We noted above that digital sales decreased the average retail sales density of Nordstrom Rack physical stores, because online sales replace, rather than add to, its brick-and-mortar sales. However, Nordstrom would see greater benefits if it could maintain its physical store sales while also increasing its digital sales.
The TJX Companies launched tjmaxx.com in 2013, marshalls.com in 2019 and sierra.com in 1999 (The TJX Companies acquired Sierra Trading Post in 2012).

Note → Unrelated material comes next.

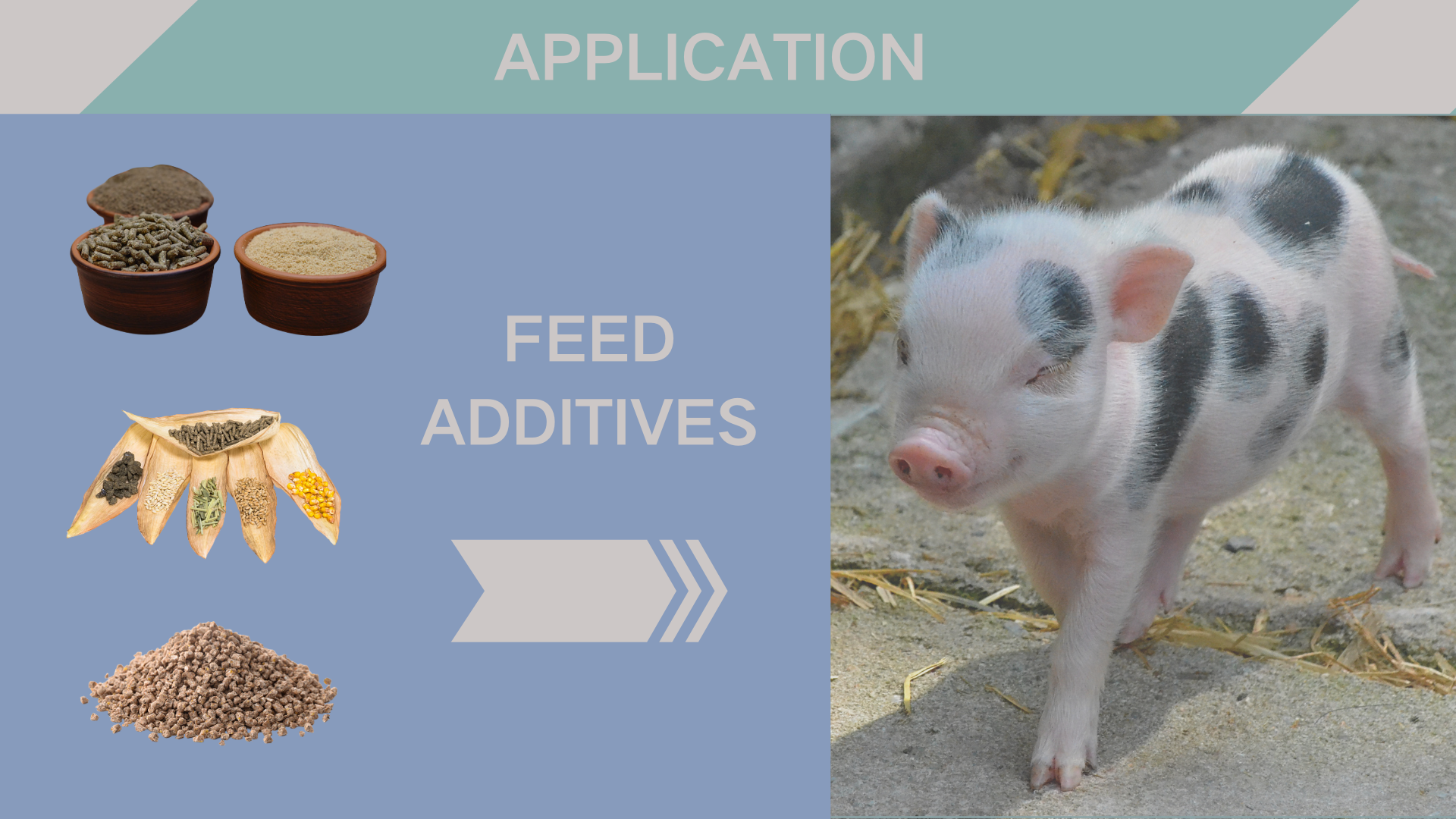 Animal Pharmaceuticals DL Methionine Powder Feed Additives for Poultry and Livestock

The retailer reported that e-commerce sales were approximately 5% of TJX International’s net sales for fiscal 2020, totaling $192 million, and 3% for fiscal 2019, totaling $169 million. Performance was impacted in fiscal 2020 due to the Covid-19 pandemic, as the company temporarily closed its online business for a portion of the year, in addition to closing stores.
The TJX Companies plans to launch homegoods.com in the third quarter of fiscal 2021. Management reported that it believes the retailer can capture a greater share of the home sector through an online presence. The company reported that its comps and average unit retail are very strong, with its Homesense business even stronger than its HomeGoods business. Management is confident about taking the business online amid current consumer product discovery and buying behaviors and delivery preferences.
What We Think
In order for off-price retailers to remain agile and competitive, we expect further segmentation by consumer and category moving forward. We believe there are opportunities to launch targeted categories within off-price, just as TJX has done with its HomeGoods and Homesense banners. We are seeing this trend in the value-concept space, with value retailers identifying opportunities within their portfolios to reach new customers through smaller-format concept stores targeting specific demographics. For example, Dollar General launched 9,000-square-foot “Popshelf” stores in October 2020, offering seasonal home décor and beauty products geared toward women in diverse suburban communities. In March 2021, Five Below announced the introduction of Five Beyond, a format that offers a higher-end product assortment to reach a more affluent customer base.
We also expect the off-price sector to become more competitive as online and physical players increasingly encroach on value offerings (including big-box retailers, e-commerce giant Amazon, warehouse clubs, value discounters and resale retailers). This will push off-price retailers to think differently about positioning, pricing and product differentiation, further driving creativity and the testing of new concepts or categories.
We believe that it will be difficult for off-price retailers to remain competitive through a physical-only retail presence. However, e-commerce is particularly challenging in off-price retail due to the high number of different SKUs (stock-keeping units), brands and styles that such retailers offer. It is also difficult for off-price retailers to recreate the in-store experience of product search and discovery—the “treasure hunt” experience that is often associated with off-price. Nordstrom Rack is dedicated to becoming the biggest online, off-price retailer and believes that it due to its synergy with its Nordstrom banner, it will be able to leverage its infrastructure and services to gain efficiencies across both banners and offer BOPIS and ship-from-store services.
We expect that off-price stores will continue to become smaller, with retailers set focusing even more aggressively on inventory efficiency and specializing offerings based on geographic consumer trends.